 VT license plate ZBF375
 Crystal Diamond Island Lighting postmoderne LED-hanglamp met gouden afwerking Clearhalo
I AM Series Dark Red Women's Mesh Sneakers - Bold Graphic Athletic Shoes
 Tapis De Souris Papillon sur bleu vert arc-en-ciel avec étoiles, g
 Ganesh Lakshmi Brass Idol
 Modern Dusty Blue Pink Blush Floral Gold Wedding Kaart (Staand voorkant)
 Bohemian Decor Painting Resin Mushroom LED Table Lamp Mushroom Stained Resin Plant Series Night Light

...

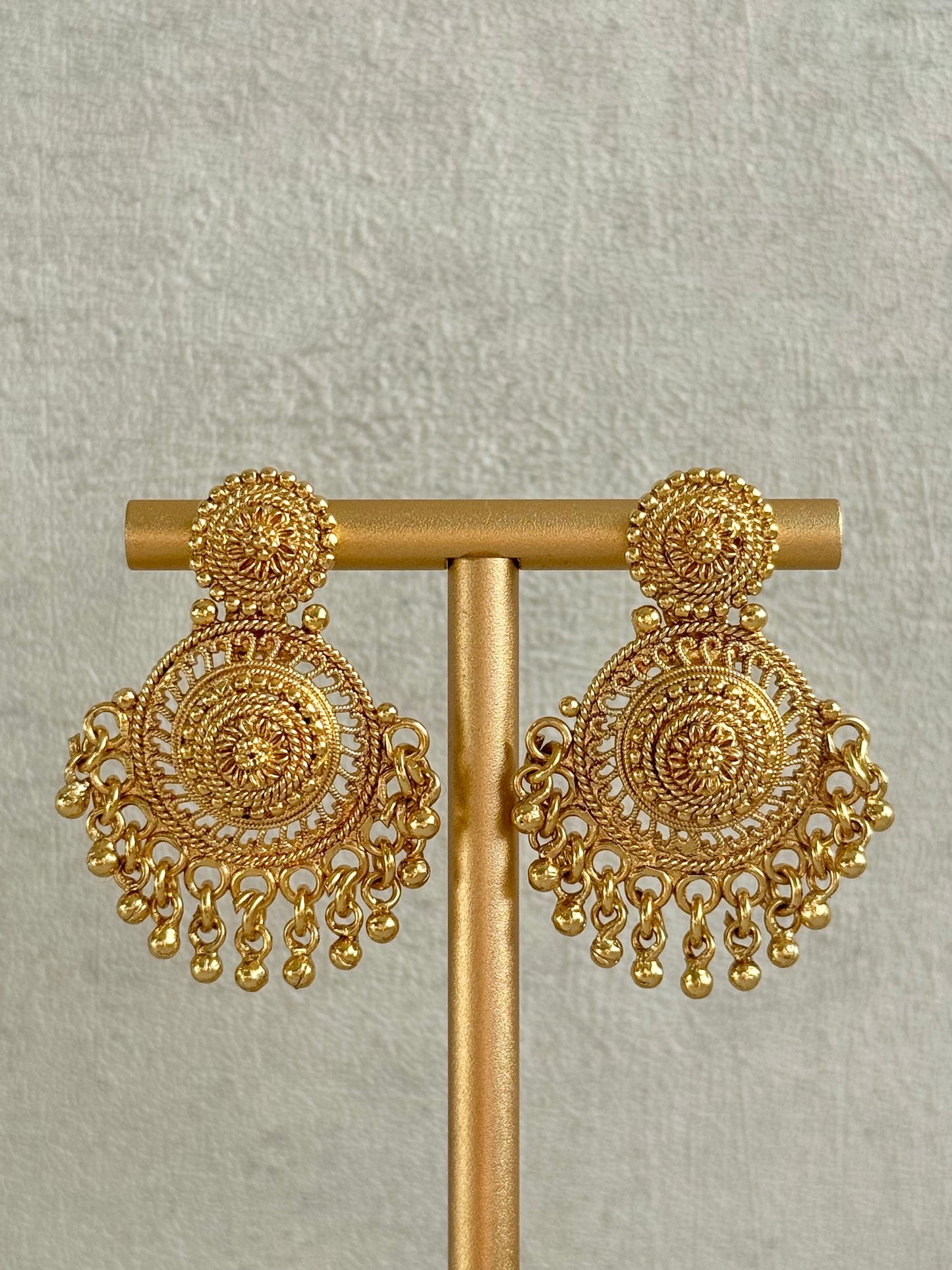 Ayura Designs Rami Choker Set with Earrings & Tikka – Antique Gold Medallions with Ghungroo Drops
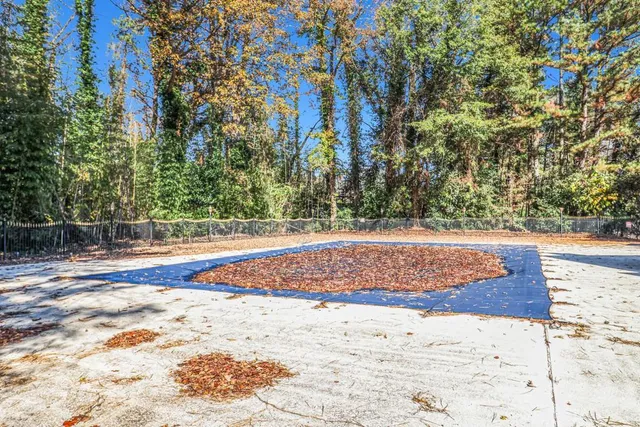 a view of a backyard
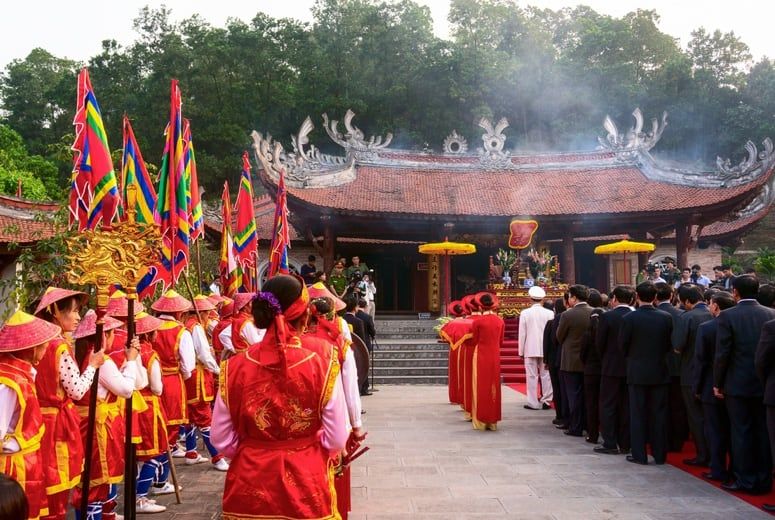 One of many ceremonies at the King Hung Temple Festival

→ **EXERCISE DETAILS**
An exact copy of the lines above between the line holding "I AM Series" and the line holding "Bohemian Decor Painting", inclusive, is the whole answer.

→ **RESPONSE**
I AM Series Dark Red Women's Mesh Sneakers - Bold Graphic Athletic Shoes
 Tapis De Souris Papillon sur bleu vert arc-en-ciel avec étoiles, g
 Ganesh Lakshmi Brass Idol
 Modern Dusty Blue Pink Blush Floral Gold Wedding Kaart (Staand voorkant)
 Bohemian Decor Painting Resin Mushroom LED Table Lamp Mushroom Stained Resin Plant Series Night Light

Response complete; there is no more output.